[[ RECORDS FOR THIS TASK open ]]

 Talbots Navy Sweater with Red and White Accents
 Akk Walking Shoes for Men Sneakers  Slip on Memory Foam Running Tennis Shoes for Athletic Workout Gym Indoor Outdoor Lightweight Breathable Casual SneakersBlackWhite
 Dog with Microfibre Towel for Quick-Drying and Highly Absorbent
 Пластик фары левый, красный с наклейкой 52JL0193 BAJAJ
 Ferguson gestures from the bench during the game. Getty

[[ RECORDS FOR THIS TASK closed ]]
[[ RECORDS FOR THIS TASK open ]]

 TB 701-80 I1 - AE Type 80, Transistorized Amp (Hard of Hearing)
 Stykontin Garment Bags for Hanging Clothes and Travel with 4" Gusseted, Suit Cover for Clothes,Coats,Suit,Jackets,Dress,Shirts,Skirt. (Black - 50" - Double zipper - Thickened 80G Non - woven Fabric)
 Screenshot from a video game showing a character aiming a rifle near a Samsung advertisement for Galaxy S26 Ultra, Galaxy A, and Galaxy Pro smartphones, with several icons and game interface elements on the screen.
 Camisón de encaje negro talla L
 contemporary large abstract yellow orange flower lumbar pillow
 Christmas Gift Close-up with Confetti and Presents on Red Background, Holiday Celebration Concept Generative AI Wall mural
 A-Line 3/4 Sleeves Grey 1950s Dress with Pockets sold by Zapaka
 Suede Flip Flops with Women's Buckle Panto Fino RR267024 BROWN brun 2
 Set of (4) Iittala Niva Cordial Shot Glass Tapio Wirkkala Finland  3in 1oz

[[ RECORDS FOR THIS TASK closed ]]

**EXERCISE OBJECTIVE**:
From the records above, transcribe without alteration every line from the one with "contemporary large abstract" to the one with "Set of (4) Iittala", inclusive.

**OUTPUT FOR THIS EXERCISE**:
 contemporary large abstract yellow orange flower lumbar pillow
 Christmas Gift Close-up with Confetti and Presents on Red Background, Holiday Celebration Concept Generative AI Wall mural
 A-Line 3/4 Sleeves Grey 1950s Dress with Pockets sold by Zapaka
 Suede Flip Flops with Women's Buckle Panto Fino RR267024 BROWN brun 2
 Set of (4) Iittala Niva Cordial Shot Glass Tapio Wirkkala Finland  3in 1oz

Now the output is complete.